There's a few there on APA's

Nothing wrong with aussie malts. You may find a little bit less efficiencies at times because of the draught.


----------



## dig (17/11/07)

I went to a brewpub in Canada that made all of their beers from Thomas Faucet floor malted Marris Otter. Good beers. Couldn't taste the TFMO in the big hoppy ales. Go to another brewpub that uses the local malt and what do know, can't taste their base malt in their IPA either. It's like a lightly sauted scallop covered in vindaloo paste; you'd be a better man than me if you could tell that it came from Coffin Bay.

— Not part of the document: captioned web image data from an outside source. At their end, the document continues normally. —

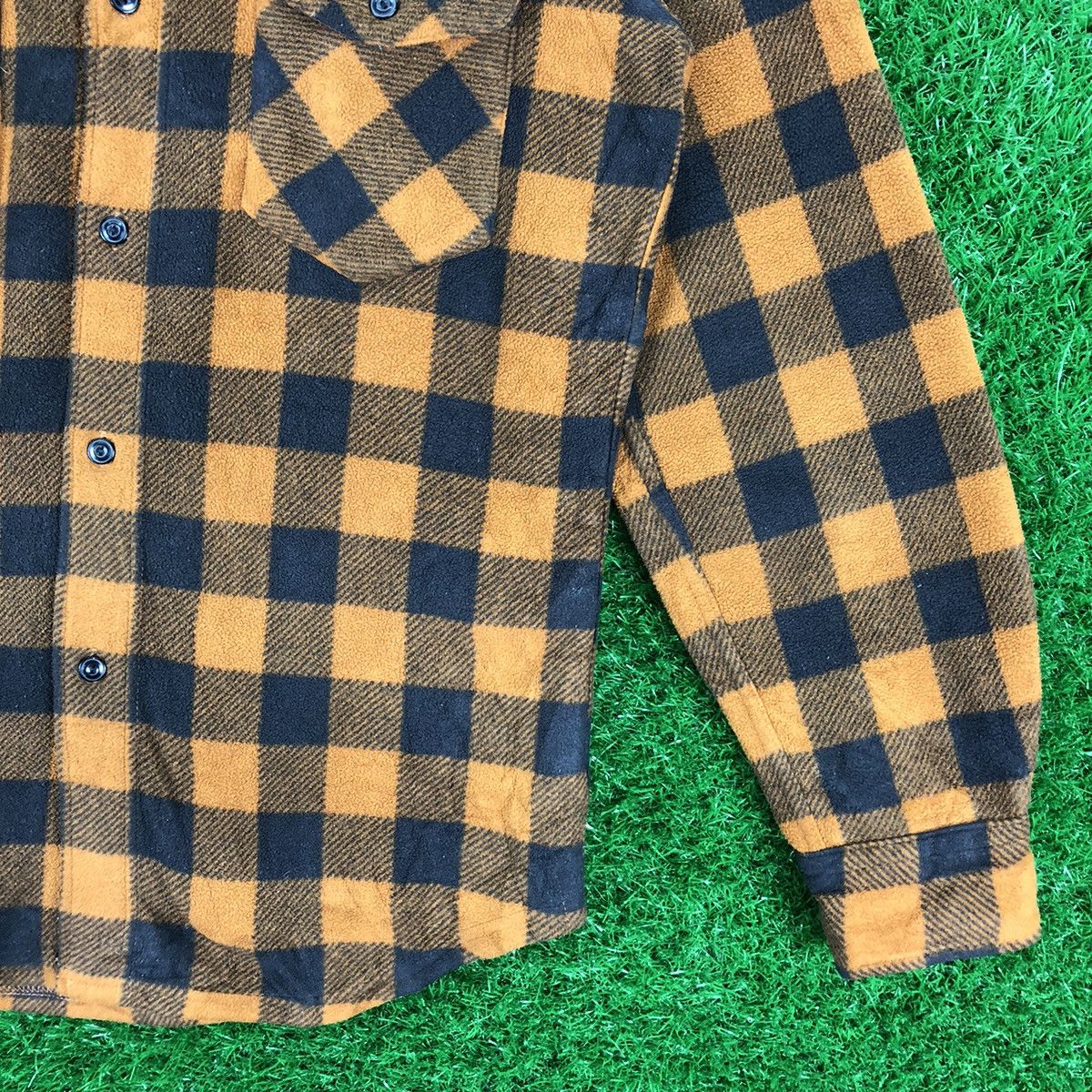Uniqlo Uniqlo Fleece Flannel Double Pocket Checkered Size US M / EU 48-50 / 2 - 3 Thumbnail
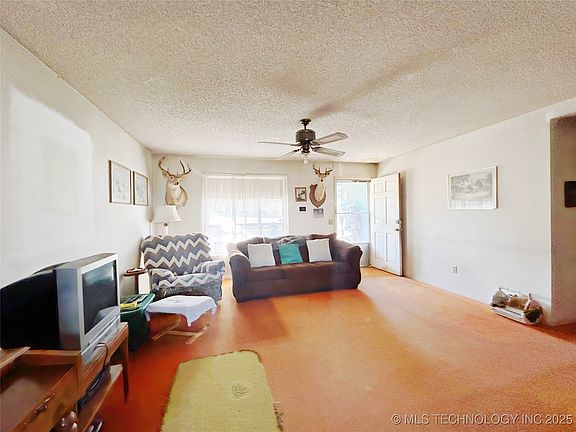 2nd image of 404517 E 1080th Rd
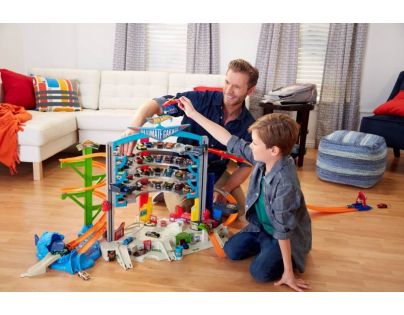 Hot Wheels Ultimátní mega garáž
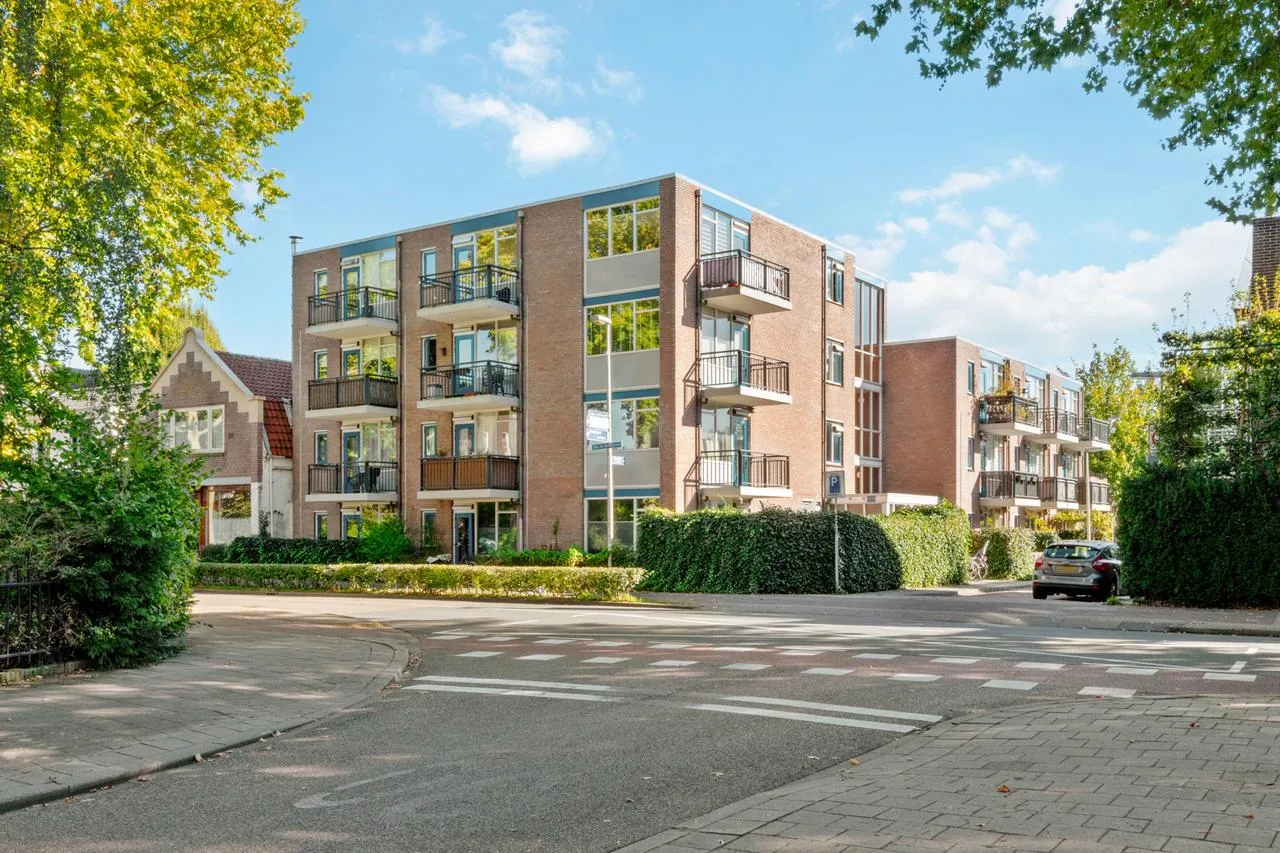 Appartement te koop: Kromme Englaan 14, Bussum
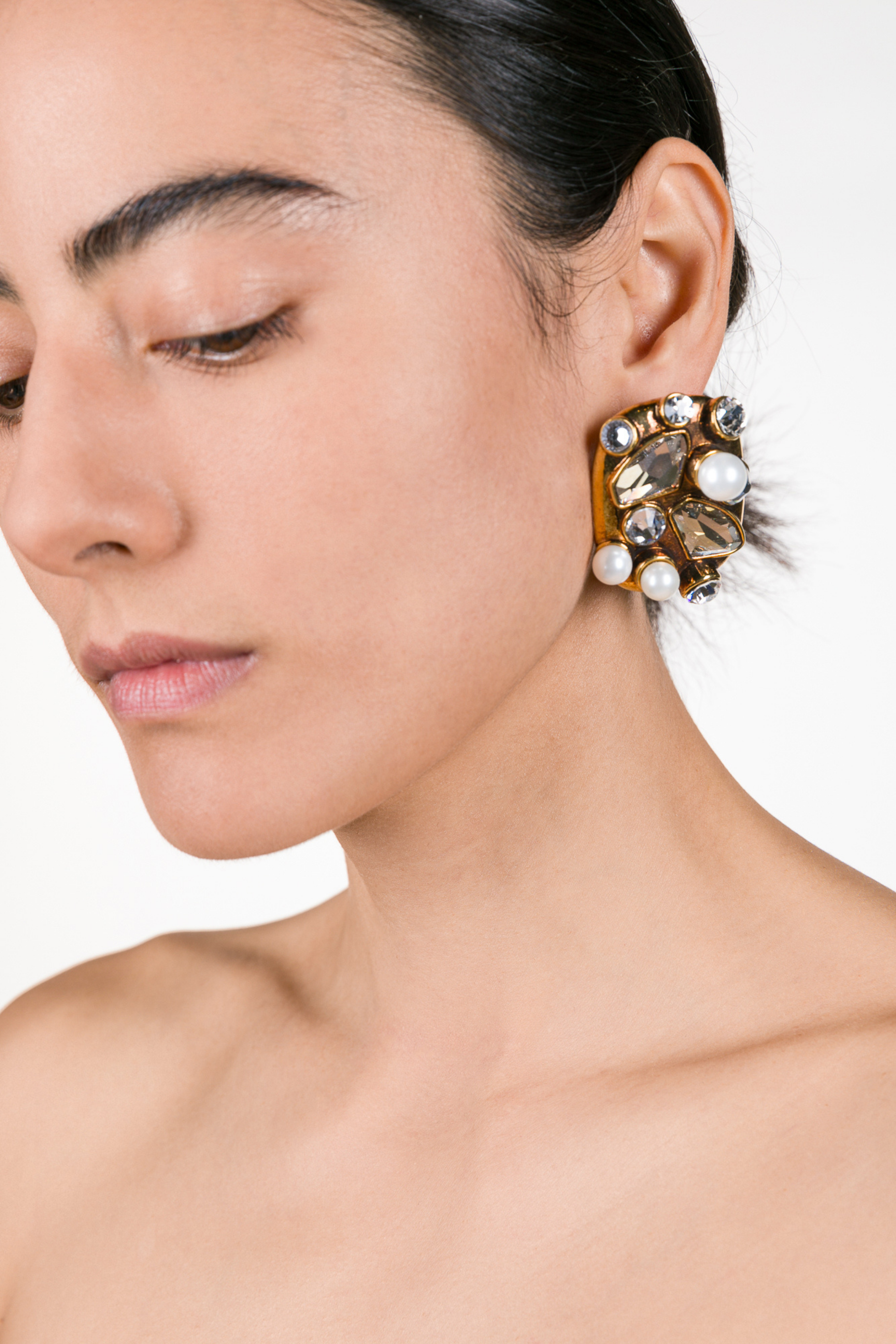 DRIES VAN NOTEN Cluster Pearl Earring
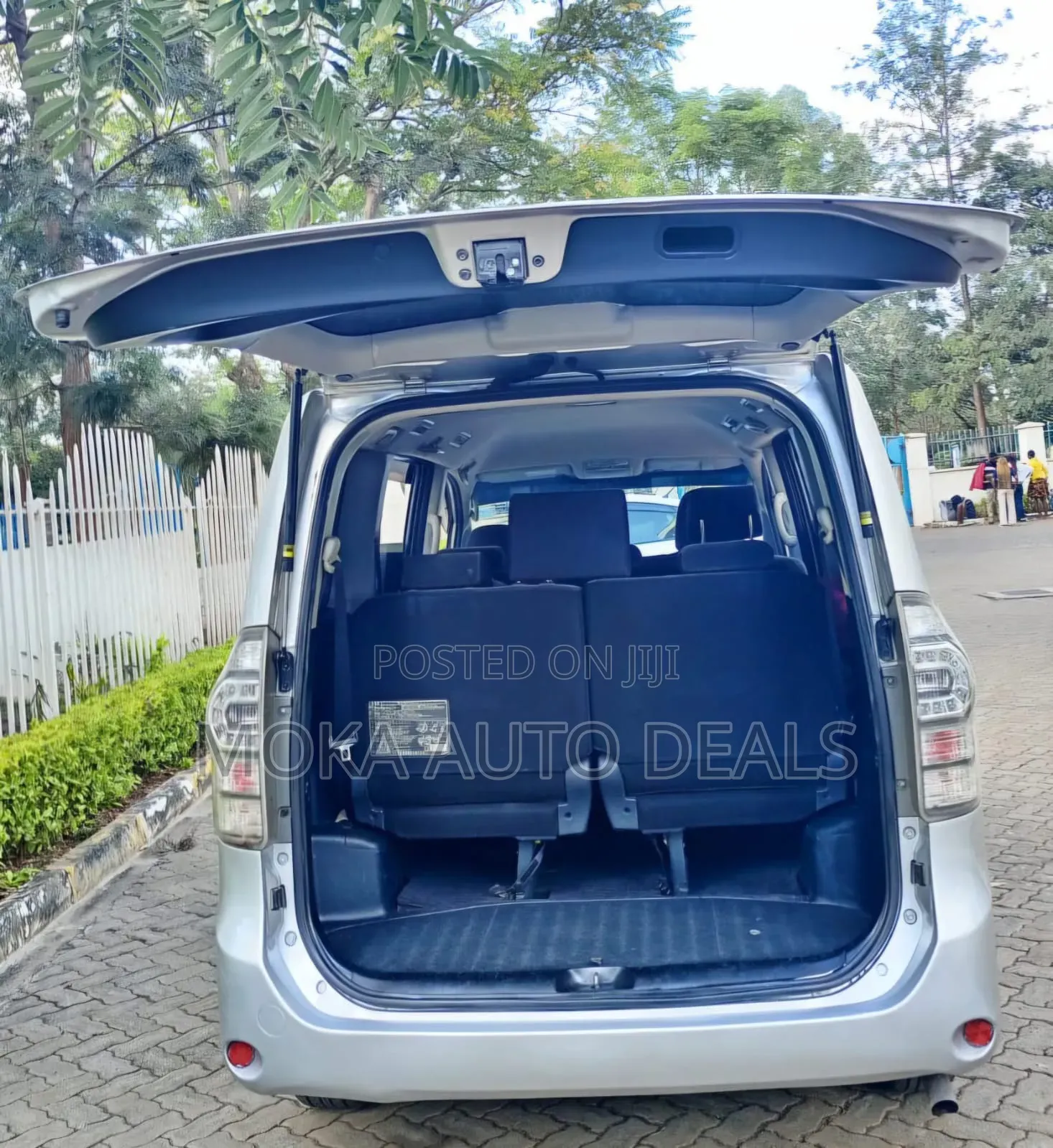 Toyota Noah 2013 Silver
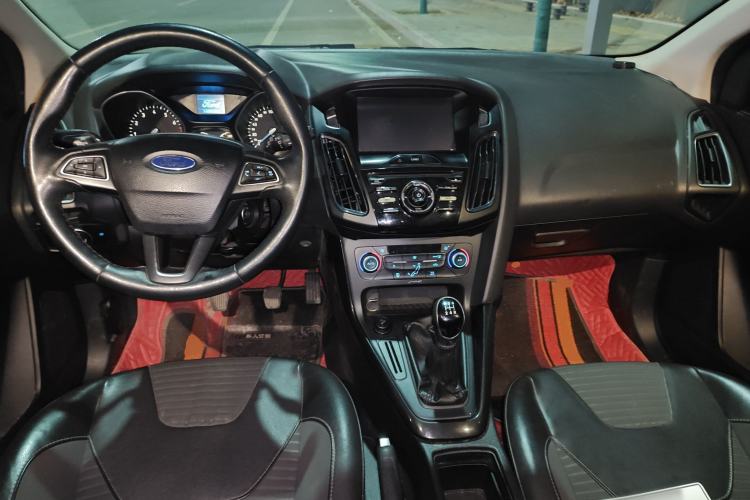Used Ford Focus 2015 Hatchback EcoBoost 125 Manual – Ultra-Style Edition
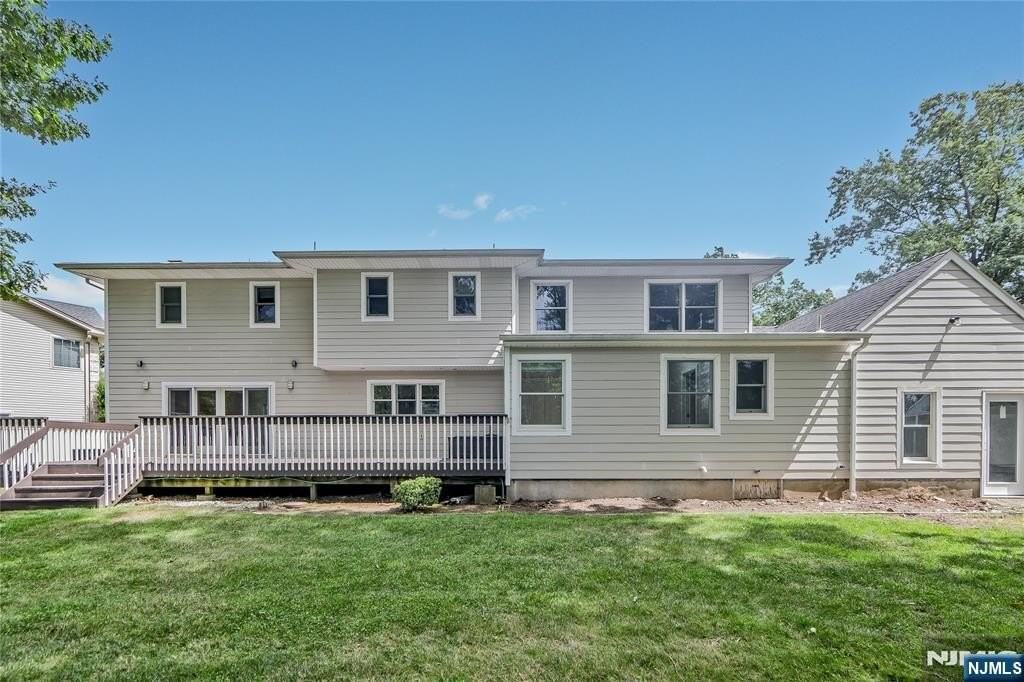 3 Laurel Rd - Photo 2 of 43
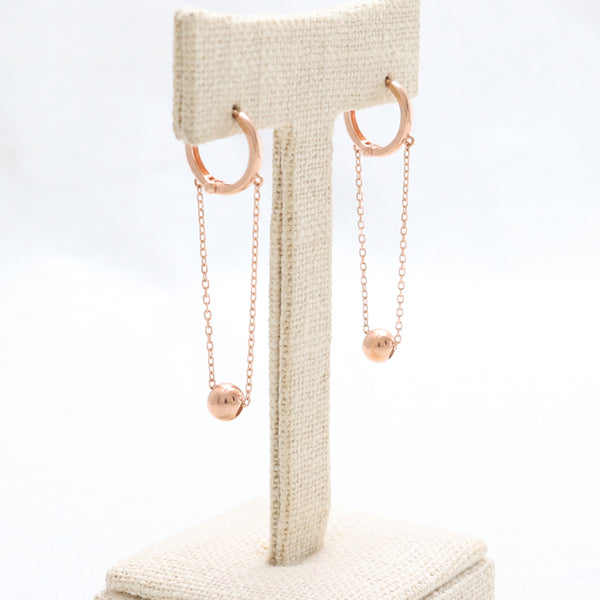 Ball Accent Chain Huggie Earrings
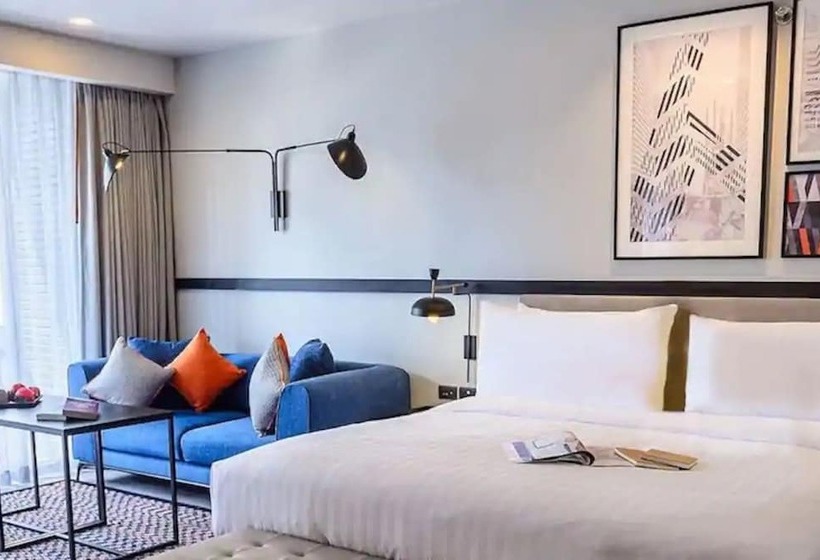 Escritório Premium, Oakwood Residence Sukhumvit Thonglor Bangkok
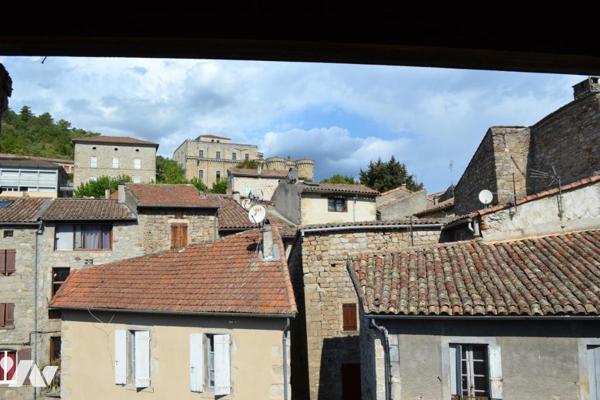 MAISON DE VILLAGE MITOYENNE A RENOVER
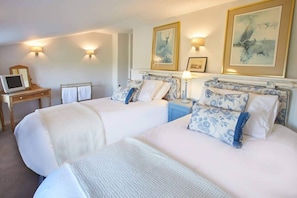 Tithe Cottage, Kirkby Overblow - Host & Stay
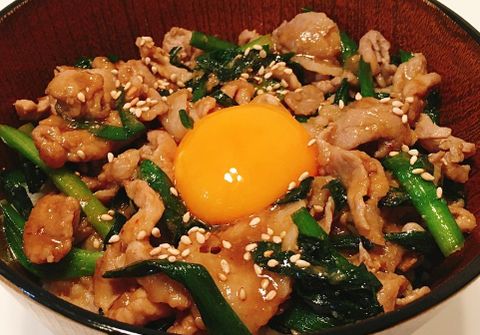 スタミナ満点!簡単10分で作れる「豚ニラ丼」レシピ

Get the hop part right. Base malt need only be clean and reliable.


----------



## razz (17/11/07)

TFMO for mine, and like dig says, with a strong hoppy ale you won't know the difference between base malts.


----------



## Tony (17/11/07)

Good advice Dig.

I just stick with the cheaper aussie base malts these days. I can pick up a bit of a difference between base malts like IMC ale and say Bairds Golden Promise but the difference is so little its not worth the extra 30% or more in cost.

If you want a maltier base malt, add 10% munich with your cheaper base malt. Easy.

As for the Pils, ale base malt argument...... thats up to you. Try making a simple APA with pils as base, the same beer with ale malt as the base and then say one with 50/50 pils/munich.....mmmmmm 

that way you will know what difference it makes and what you like..... and thats the most important thing. I can tell what i like but i can be a bit out there sometimes.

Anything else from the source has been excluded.